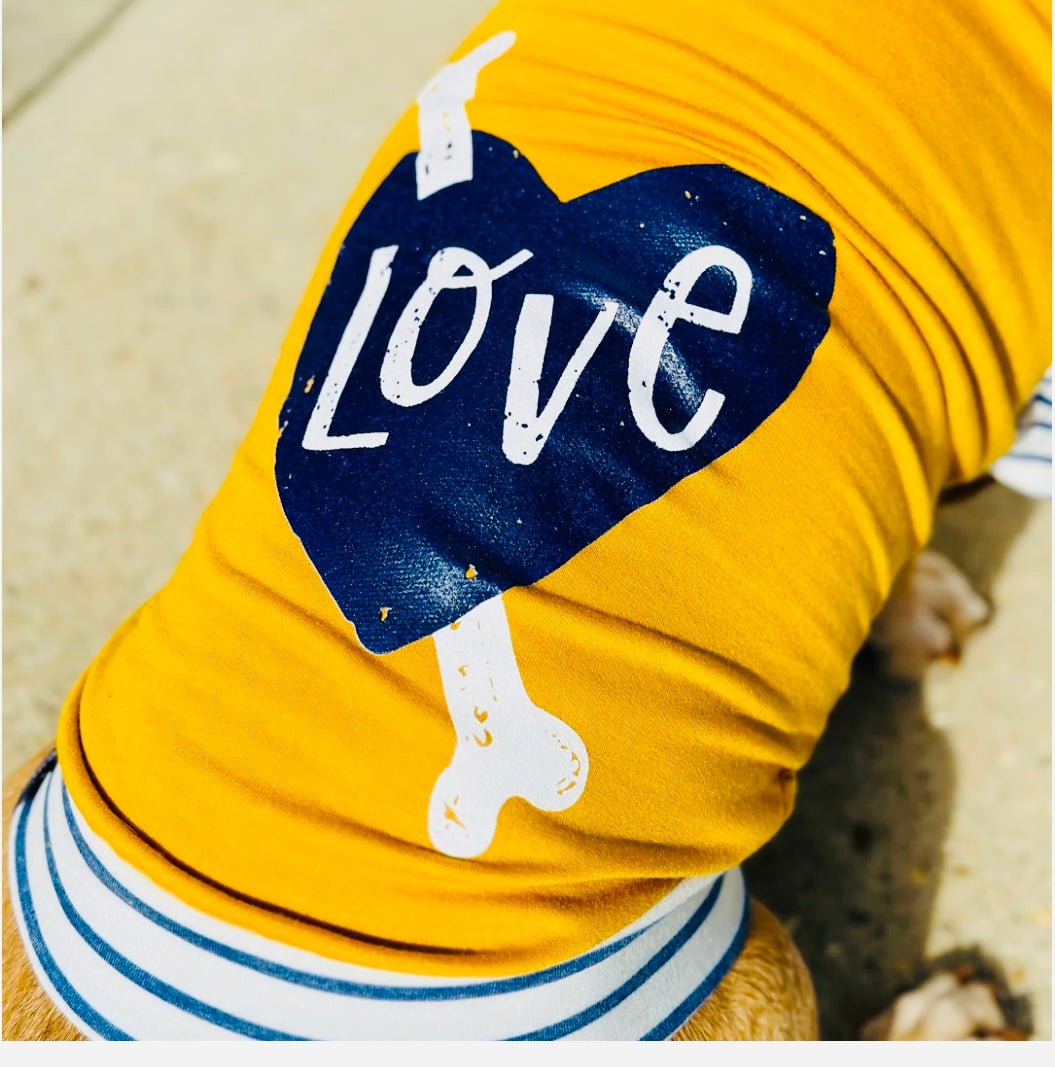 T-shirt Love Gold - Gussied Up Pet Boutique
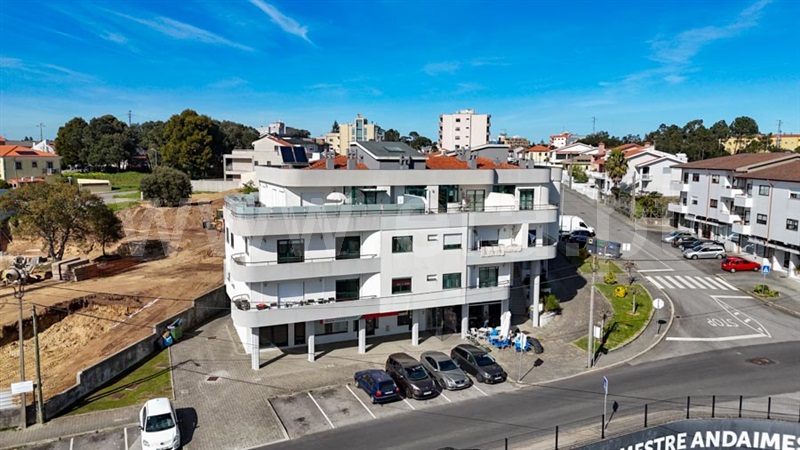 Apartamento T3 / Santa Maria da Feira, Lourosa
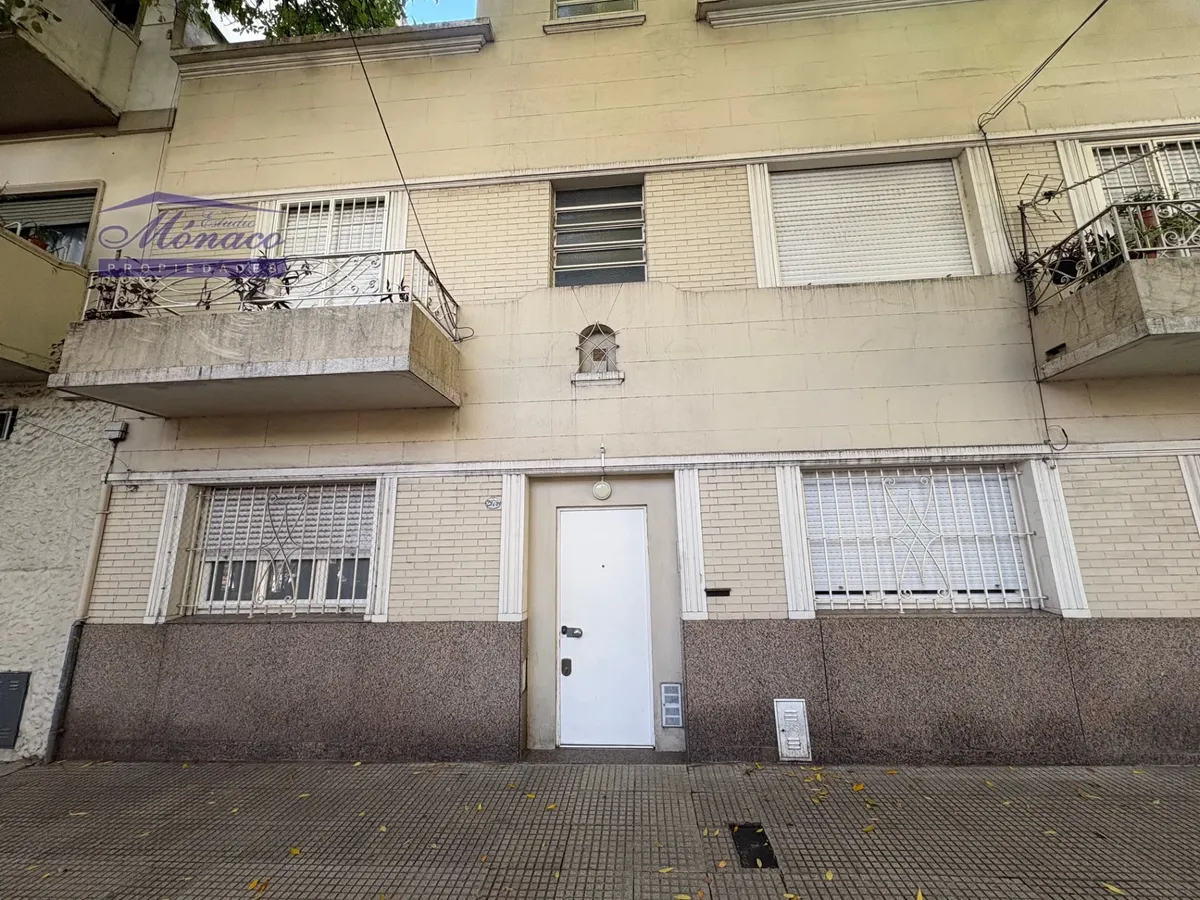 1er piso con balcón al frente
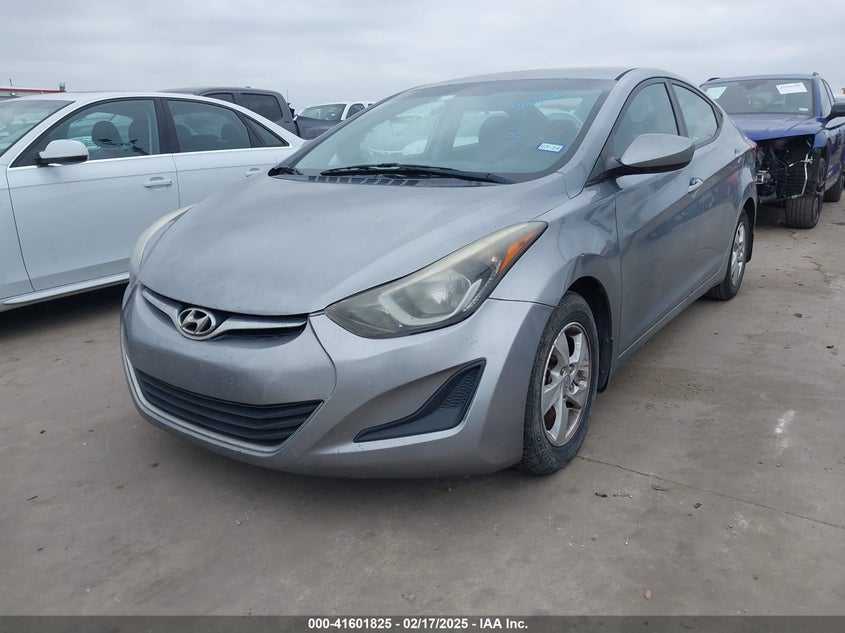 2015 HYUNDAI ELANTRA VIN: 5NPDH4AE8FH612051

==

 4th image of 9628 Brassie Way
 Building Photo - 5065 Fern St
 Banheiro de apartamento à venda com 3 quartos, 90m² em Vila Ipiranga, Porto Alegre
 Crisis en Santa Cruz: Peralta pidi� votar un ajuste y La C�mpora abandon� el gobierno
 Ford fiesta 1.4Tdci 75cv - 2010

* [PROBLEM]:
The range runs from the line with "4th image of 9628 Brassie Way" up to and including the line with "Ford fiesta 1.4Tdci 75cv - 2010" in the listing above; please write out exactly those lines and nothing more.

* [ANSWER AREA]:
 4th image of 9628 Brassie Way
 Building Photo - 5065 Fern St
 Banheiro de apartamento à venda com 3 quartos, 90m² em Vila Ipiranga, Porto Alegre
 Crisis en Santa Cruz: Peralta pidi� votar un ajuste y La C�mpora abandon� el gobierno
 Ford fiesta 1.4Tdci 75cv - 2010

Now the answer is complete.